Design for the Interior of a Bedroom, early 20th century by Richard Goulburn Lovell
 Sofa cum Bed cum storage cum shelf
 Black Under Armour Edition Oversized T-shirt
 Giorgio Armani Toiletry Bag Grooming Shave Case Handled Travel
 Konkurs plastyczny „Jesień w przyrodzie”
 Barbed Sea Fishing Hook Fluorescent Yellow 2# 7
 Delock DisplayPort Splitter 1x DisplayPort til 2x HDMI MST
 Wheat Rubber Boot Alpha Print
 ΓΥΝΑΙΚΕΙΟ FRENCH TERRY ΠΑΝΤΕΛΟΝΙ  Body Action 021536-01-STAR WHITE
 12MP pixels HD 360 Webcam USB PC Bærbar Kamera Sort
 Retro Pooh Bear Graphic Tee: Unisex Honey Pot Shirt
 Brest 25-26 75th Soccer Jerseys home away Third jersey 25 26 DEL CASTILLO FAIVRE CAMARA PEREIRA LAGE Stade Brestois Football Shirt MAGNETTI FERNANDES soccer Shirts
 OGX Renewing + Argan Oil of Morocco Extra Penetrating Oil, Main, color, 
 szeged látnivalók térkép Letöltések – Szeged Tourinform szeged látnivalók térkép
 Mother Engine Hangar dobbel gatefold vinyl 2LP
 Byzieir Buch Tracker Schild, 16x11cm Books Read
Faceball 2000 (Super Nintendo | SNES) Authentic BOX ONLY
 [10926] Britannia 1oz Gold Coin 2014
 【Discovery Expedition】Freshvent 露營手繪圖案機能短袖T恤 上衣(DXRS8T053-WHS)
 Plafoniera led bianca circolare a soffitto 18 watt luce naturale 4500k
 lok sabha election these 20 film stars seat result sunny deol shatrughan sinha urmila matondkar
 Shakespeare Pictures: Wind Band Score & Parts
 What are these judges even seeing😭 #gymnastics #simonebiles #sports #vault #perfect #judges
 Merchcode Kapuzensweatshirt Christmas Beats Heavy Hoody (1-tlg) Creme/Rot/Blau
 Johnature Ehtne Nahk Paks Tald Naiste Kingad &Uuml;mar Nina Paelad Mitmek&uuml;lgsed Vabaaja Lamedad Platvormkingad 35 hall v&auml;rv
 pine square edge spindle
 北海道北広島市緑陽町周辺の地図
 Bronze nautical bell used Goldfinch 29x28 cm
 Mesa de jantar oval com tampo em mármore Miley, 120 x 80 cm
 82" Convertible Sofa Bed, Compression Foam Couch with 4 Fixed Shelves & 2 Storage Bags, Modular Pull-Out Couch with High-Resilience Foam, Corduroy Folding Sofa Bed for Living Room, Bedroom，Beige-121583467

· · ·

• [About this task]: Pull together all lines from the data that mention the word "Sofa".

• [Exercise output]:
 Sofa cum Bed cum storage cum shelf
 82" Convertible Sofa Bed, Compression Foam Couch with 4 Fixed Shelves & 2 Storage Bags, Modular Pull-Out Couch with High-Resilience Foam, Corduroy Folding Sofa Bed for Living Room, Bedroom，Beige-121583467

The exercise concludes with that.